[Corpora-List] Semantic Distances Revisited

Mon Dec 2 04:09:18 UTC 2002

>>It's great stuff, although it's taxonomy-based.
>>I was specifically interested in distributional methods.

>  And what is the difference - if it is possible to answer?

I'll give it a try -- apologies in advance to more-experienced list members
pained by my explanation.

In a taxonomy, items are typically represented as nodes of a tree. So when
you're measuring how similar two items are, you find them both on the tree,
and then calculate how close they are to each other. (There are different
ways to do this, and that's where the Hirst and Budanitsky article comes
in.)
It's a great approach, if you have the taxonomy already built for you.
The pitfalls of making a taxonomy are well-known: it's a lot of work, your
taxonomy may not hold across languages, and it's hard not to let your
taxonomy reflect your biases.

Distribution-based methods don't use a taxonomy; they attempt to find
similarity based on the surrounding words.
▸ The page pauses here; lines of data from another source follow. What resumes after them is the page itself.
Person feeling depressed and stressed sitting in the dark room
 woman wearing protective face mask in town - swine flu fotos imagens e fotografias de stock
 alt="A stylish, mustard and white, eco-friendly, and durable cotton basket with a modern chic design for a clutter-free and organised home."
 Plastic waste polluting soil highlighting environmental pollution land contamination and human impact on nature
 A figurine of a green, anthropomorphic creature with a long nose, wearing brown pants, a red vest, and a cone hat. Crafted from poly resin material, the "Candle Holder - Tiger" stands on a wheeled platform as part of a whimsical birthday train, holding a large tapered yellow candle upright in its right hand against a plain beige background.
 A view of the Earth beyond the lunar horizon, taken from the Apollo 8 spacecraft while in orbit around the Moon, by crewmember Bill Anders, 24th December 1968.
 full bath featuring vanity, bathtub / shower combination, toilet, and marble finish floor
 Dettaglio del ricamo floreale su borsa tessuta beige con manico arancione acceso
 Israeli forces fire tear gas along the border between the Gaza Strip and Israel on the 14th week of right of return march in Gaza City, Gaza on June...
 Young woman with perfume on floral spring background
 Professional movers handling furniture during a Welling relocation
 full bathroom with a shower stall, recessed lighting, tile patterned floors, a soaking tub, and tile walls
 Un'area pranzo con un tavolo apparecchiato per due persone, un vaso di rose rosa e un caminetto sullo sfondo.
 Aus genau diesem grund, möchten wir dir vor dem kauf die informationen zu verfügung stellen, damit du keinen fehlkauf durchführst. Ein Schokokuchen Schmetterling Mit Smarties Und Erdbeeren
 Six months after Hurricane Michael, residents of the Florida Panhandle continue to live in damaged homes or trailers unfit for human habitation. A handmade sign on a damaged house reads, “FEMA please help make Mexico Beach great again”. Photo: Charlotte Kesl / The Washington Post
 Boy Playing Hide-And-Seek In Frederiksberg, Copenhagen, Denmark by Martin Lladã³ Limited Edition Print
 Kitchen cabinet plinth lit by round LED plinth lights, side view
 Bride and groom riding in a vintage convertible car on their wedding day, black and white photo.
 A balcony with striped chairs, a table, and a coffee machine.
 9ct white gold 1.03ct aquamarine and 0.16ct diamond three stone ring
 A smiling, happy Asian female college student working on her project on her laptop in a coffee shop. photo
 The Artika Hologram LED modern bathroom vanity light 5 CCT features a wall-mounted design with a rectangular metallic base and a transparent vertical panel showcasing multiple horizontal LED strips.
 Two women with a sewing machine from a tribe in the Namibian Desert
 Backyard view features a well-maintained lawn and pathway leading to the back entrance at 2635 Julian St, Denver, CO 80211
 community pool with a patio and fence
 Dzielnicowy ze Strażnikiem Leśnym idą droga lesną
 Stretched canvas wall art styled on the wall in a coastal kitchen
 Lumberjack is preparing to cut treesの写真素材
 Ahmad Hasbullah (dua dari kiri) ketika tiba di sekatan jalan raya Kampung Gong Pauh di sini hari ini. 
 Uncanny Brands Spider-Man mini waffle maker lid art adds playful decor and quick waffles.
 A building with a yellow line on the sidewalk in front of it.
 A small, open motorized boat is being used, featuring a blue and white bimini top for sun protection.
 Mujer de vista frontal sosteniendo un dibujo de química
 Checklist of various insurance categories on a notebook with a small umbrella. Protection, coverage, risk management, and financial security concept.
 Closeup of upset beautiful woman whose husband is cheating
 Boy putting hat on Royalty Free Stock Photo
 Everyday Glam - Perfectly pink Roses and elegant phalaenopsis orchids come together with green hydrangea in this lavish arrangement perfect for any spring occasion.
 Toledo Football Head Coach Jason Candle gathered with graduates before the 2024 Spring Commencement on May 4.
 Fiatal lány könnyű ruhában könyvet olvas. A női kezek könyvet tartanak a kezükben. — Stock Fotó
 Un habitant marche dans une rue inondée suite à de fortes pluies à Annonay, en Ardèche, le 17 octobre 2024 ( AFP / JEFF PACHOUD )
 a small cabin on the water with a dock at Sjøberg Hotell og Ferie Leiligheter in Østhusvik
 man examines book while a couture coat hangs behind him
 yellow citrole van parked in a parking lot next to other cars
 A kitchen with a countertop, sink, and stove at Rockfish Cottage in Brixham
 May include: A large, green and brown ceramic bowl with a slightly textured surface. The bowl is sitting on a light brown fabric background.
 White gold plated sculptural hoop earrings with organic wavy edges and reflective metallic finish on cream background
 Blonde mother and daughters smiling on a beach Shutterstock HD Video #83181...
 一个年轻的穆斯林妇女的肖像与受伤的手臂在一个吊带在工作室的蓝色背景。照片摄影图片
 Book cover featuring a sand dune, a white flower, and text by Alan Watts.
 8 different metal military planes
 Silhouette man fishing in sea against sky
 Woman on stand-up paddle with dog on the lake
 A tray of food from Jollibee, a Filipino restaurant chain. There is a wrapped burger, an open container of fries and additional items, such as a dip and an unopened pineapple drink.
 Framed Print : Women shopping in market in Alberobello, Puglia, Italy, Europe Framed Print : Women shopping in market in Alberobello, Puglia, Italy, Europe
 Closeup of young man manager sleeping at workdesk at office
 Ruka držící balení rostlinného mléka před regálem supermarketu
Again, there are many ways to do
this, but the underlying assumption is that words that appear in similar
contexts are similar to each other. E.g. Beth Levin in her work with
English verb classes, makes the striking assertion that verbs that exhibit
similar syntactic behaviour are semantically related. Quite a revelation
for a linguist such as myself -- linguists have traditionally studied
syntax, while putting semantics in the "too-hard" basket. This work showed
that syntax can be a key to semantics.

That's a really basic overview.
Phil Resnik gives a thorough review of both kinds of methods in his
dissertation. You can find it at:
http://citeseer.nj.nec.com/resnik93selection.html
His Lexical Acquisition talk at ACL 2002 changed my life. And may I add,
he's one heck of a dancer.

Feedback welcome.
Daniel

=-=-=-=-=-=-=-=-=-=-=-=-=-=-=
Daniel Midgley
dmidgley at arts.uwa.edu.au
+ (61 8) 9371 3730
http://www.cs.uwa.edu.au/~fontor